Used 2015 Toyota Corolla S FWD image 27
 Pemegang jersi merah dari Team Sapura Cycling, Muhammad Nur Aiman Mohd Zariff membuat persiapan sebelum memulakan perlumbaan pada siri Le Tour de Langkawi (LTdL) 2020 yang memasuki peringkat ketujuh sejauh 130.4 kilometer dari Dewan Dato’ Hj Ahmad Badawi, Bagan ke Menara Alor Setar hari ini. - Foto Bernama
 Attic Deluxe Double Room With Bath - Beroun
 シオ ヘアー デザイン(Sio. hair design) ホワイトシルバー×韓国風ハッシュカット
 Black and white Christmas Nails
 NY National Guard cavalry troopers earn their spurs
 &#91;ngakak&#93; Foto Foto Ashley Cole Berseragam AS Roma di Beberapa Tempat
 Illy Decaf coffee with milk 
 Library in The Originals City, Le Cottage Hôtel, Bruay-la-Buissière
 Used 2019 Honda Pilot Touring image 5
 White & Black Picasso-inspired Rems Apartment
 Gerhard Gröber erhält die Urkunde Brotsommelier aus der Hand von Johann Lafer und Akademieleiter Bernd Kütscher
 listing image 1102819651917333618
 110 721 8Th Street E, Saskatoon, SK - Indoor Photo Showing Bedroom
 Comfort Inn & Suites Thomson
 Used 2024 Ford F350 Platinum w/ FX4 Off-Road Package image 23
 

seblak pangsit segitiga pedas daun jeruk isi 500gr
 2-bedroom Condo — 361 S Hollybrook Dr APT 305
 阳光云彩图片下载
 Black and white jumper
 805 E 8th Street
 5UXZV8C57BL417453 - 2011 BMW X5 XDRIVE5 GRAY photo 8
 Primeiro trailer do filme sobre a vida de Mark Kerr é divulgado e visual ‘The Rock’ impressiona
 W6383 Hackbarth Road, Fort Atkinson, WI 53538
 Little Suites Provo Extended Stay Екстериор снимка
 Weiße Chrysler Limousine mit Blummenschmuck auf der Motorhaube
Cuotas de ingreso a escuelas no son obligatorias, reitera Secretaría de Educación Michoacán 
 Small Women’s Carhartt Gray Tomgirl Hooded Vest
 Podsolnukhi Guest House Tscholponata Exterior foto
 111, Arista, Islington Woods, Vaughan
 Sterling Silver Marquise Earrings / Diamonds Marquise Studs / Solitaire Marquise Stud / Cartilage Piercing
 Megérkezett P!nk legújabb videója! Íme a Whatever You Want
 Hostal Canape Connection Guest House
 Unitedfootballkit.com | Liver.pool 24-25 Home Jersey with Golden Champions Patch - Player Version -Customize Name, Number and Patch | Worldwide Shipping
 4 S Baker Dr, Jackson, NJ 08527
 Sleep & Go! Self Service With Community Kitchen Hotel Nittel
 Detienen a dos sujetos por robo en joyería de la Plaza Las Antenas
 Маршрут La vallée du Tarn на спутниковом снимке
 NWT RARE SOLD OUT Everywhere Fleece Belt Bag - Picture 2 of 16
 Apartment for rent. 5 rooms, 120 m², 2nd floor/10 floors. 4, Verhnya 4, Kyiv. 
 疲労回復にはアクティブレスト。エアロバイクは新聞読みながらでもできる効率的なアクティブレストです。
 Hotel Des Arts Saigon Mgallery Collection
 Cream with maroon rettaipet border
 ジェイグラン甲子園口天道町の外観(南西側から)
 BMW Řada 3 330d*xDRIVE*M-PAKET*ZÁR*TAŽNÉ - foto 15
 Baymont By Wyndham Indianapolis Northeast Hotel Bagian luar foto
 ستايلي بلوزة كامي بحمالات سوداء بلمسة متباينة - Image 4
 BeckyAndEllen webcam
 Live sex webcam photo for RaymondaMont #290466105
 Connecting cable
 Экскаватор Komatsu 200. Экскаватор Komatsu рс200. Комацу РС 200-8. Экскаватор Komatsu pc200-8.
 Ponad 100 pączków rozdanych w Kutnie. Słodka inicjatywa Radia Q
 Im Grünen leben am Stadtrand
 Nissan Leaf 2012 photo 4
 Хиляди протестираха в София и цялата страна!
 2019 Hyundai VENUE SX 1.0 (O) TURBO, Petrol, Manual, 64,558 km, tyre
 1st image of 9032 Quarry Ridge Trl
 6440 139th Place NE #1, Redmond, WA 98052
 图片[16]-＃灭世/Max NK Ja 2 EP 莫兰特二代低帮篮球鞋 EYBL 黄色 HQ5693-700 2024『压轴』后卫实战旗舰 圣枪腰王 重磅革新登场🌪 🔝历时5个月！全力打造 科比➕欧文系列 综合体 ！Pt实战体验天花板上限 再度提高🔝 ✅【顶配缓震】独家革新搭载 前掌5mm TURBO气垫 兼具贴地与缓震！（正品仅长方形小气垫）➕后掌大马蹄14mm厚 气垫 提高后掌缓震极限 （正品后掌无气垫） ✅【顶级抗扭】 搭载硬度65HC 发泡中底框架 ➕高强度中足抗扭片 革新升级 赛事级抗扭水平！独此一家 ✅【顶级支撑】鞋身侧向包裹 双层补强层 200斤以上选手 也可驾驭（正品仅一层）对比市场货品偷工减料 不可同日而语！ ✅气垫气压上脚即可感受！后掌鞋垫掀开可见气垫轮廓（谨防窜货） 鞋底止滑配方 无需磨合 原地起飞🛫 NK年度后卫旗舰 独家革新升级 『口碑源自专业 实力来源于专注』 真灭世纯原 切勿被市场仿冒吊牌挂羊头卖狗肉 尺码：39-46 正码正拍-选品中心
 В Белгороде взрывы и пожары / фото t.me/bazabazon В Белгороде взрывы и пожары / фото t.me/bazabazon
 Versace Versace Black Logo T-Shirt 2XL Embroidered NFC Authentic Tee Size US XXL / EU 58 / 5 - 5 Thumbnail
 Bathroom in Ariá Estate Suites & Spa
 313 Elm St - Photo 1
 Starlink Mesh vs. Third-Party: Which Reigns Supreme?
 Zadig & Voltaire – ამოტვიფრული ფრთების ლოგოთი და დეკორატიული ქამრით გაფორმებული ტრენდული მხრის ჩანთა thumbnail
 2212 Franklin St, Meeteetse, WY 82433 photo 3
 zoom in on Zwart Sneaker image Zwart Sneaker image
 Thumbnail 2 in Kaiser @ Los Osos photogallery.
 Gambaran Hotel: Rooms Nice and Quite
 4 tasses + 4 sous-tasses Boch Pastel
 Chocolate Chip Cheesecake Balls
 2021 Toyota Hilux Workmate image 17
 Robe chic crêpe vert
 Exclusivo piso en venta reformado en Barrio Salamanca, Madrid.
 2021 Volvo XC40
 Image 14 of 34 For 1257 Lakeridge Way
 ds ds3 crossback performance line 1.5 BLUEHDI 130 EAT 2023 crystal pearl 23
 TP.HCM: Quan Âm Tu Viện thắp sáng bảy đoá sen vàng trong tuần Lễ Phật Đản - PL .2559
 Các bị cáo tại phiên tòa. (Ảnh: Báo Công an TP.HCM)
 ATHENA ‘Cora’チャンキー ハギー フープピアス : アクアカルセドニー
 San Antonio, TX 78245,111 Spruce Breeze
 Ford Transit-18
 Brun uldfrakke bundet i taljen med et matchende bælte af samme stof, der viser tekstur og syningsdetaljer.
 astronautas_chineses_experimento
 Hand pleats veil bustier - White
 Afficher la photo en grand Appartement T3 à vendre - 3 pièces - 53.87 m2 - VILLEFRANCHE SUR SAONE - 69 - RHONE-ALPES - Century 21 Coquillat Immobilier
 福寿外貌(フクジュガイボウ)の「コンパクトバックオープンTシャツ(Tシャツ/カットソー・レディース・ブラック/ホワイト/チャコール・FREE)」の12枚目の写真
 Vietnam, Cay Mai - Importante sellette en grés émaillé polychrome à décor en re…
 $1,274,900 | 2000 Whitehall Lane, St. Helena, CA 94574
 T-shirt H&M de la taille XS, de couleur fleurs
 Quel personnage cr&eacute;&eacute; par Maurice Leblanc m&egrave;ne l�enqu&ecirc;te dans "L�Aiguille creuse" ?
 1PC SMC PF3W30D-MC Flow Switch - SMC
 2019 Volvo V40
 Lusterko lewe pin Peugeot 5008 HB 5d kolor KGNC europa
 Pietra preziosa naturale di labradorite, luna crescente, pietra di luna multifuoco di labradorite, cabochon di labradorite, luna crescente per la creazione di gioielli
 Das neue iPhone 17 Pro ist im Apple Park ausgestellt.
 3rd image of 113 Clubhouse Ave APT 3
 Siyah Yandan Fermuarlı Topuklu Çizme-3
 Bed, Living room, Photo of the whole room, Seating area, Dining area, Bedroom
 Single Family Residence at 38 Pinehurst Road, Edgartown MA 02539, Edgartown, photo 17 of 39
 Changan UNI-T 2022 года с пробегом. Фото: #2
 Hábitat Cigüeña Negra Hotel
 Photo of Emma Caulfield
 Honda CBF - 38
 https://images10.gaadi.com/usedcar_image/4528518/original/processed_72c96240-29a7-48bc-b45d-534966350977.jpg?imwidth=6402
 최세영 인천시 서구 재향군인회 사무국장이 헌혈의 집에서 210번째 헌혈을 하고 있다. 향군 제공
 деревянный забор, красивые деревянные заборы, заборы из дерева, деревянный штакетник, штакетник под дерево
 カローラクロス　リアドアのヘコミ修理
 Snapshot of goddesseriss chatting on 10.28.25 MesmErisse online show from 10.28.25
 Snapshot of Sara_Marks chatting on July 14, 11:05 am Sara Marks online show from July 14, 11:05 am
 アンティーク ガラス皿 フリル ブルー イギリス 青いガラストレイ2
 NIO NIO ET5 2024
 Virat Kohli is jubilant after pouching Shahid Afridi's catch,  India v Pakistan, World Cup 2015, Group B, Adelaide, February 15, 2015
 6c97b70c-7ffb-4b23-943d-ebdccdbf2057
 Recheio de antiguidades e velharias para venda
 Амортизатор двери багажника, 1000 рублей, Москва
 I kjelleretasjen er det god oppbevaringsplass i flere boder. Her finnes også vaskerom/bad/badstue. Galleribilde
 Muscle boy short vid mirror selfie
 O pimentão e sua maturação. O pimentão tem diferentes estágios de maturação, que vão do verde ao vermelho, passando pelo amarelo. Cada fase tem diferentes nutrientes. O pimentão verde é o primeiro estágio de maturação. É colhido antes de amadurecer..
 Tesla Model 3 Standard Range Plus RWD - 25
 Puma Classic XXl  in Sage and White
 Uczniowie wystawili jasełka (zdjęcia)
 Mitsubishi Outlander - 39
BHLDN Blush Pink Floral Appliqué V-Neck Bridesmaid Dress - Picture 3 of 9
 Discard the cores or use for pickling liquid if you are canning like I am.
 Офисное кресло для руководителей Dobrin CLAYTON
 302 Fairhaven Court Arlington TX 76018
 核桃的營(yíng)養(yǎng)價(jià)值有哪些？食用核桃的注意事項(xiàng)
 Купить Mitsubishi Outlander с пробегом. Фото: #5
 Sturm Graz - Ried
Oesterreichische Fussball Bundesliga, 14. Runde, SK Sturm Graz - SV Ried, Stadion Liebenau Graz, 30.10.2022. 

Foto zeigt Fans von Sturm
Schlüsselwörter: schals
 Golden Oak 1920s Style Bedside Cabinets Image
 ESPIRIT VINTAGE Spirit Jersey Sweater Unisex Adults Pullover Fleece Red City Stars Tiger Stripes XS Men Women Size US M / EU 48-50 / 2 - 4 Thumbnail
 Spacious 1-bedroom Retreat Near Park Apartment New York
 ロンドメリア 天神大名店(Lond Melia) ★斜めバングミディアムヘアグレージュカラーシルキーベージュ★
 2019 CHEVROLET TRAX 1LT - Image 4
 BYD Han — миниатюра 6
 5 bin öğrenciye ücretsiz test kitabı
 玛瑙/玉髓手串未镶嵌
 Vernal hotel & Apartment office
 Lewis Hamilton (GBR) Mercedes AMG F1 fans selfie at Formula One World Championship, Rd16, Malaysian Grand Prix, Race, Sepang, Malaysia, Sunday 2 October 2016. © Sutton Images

########################################

What to do
In the listing above, find the line with "4 tasses + 4 sous-tasses Boch Pastel" and the line with "T-shirt H&M de", then reproduce both and every line between them exactly.

Exercise result
 4 tasses + 4 sous-tasses Boch Pastel
 Chocolate Chip Cheesecake Balls
 2021 Toyota Hilux Workmate image 17
 Robe chic crêpe vert
 Exclusivo piso en venta reformado en Barrio Salamanca, Madrid.
 2021 Volvo XC40
 Image 14 of 34 For 1257 Lakeridge Way
 ds ds3 crossback performance line 1.5 BLUEHDI 130 EAT 2023 crystal pearl 23
 TP.HCM: Quan Âm Tu Viện thắp sáng bảy đoá sen vàng trong tuần Lễ Phật Đản - PL .2559
 Các bị cáo tại phiên tòa. (Ảnh: Báo Công an TP.HCM)
 ATHENA ‘Cora’チャンキー ハギー フープピアス : アクアカルセドニー
 San Antonio, TX 78245,111 Spruce Breeze
 Ford Transit-18
 Brun uldfrakke bundet i taljen med et matchende bælte af samme stof, der viser tekstur og syningsdetaljer.
 astronautas_chineses_experimento
 Hand pleats veil bustier - White
 Afficher la photo en grand Appartement T3 à vendre - 3 pièces - 53.87 m2 - VILLEFRANCHE SUR SAONE - 69 - RHONE-ALPES - Century 21 Coquillat Immobilier
 福寿外貌(フクジュガイボウ)の「コンパクトバックオープンTシャツ(Tシャツ/カットソー・レディース・ブラック/ホワイト/チャコール・FREE)」の12枚目の写真
 Vietnam, Cay Mai - Importante sellette en grés émaillé polychrome à décor en re…
 $1,274,900 | 2000 Whitehall Lane, St. Helena, CA 94574
 T-shirt H&M de la taille XS, de couleur fleurs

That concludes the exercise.